**INFORMATION SHOWN**:
########

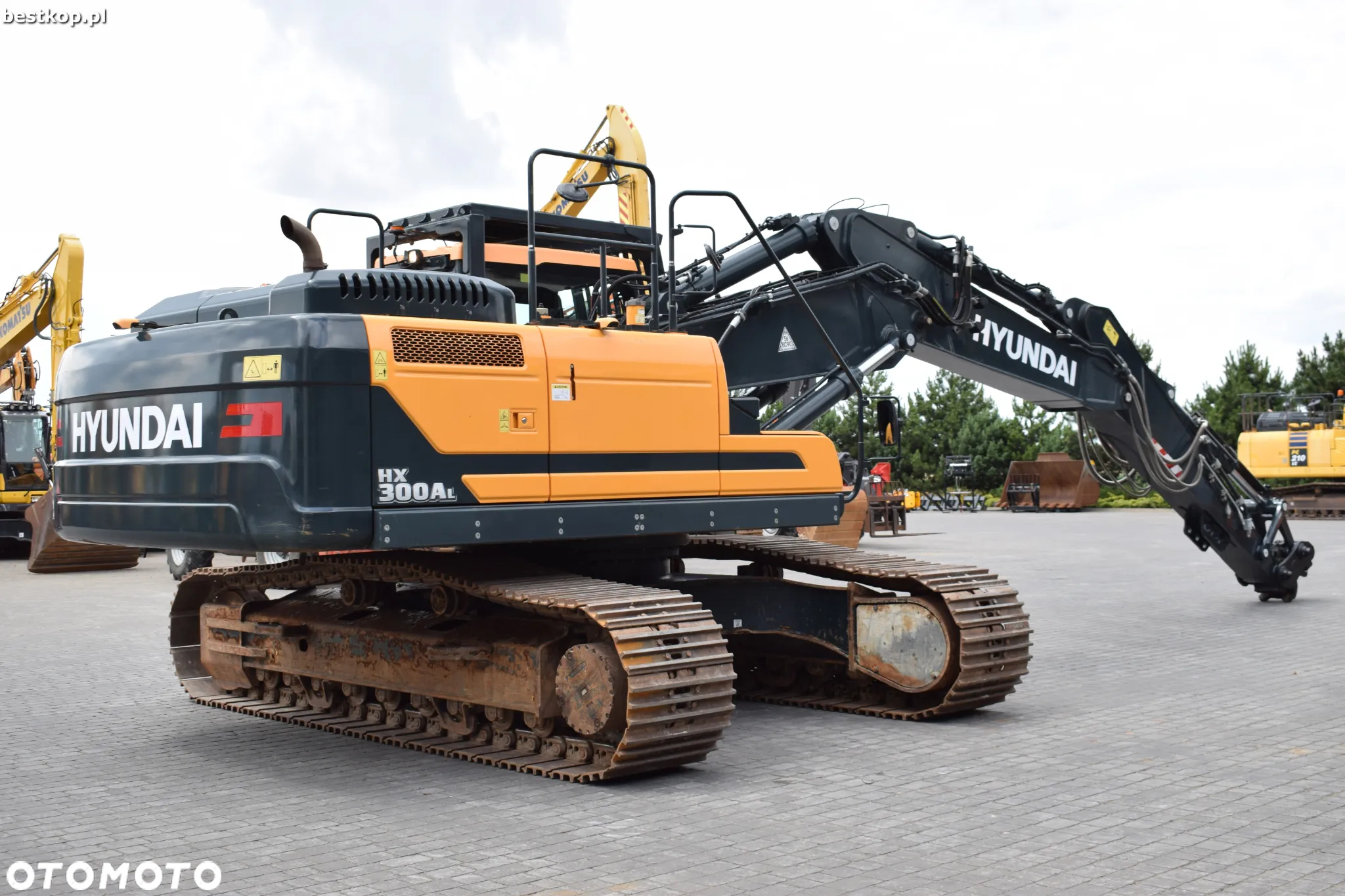 Hyundai HX300AL - 33
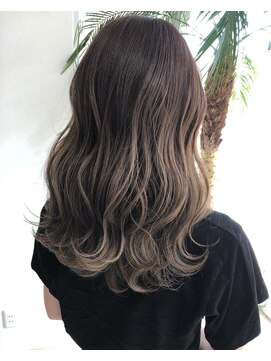 リズム(lysm) ナチュラルグラデーション ベージュカラー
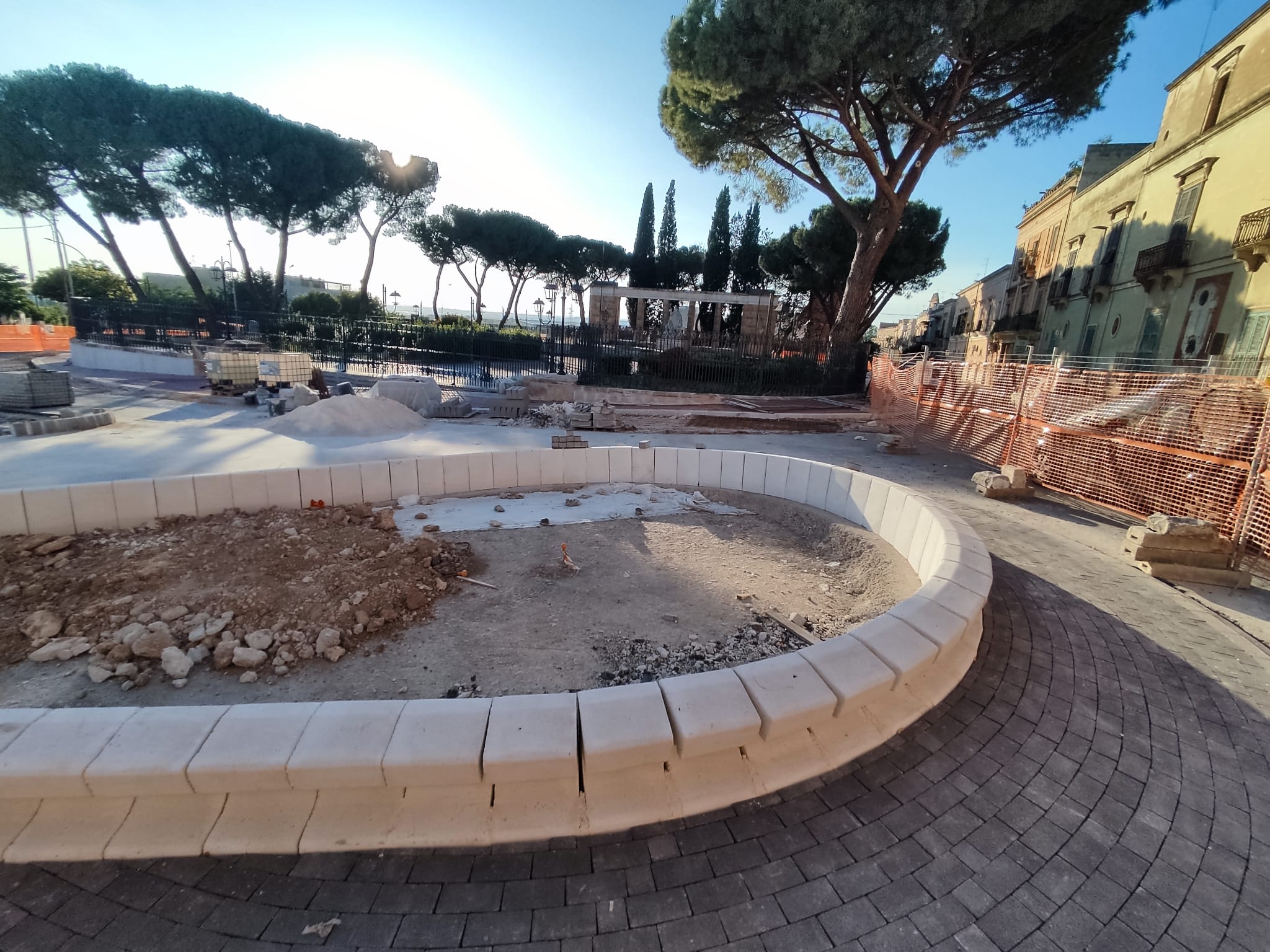 1PIAZZA IV NOVEMBRE GIUGNO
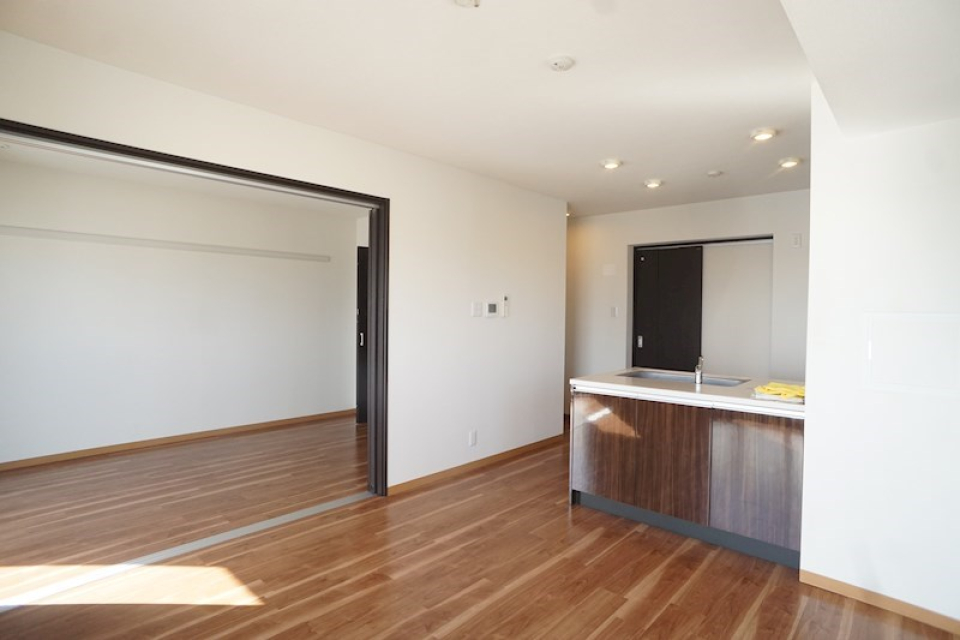 ダークブラウンの落ち着いた雰囲気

########

**TASK DETAILS**: Retype all the data exactly, please, without pictures.

**TASK SOLUTION**:
 Hyundai HX300AL - 33
 リズム(lysm) ナチュラルグラデーション ベージュカラー
 1PIAZZA IV NOVEMBRE GIUGNO
 ダークブラウンの落ち着いた雰囲気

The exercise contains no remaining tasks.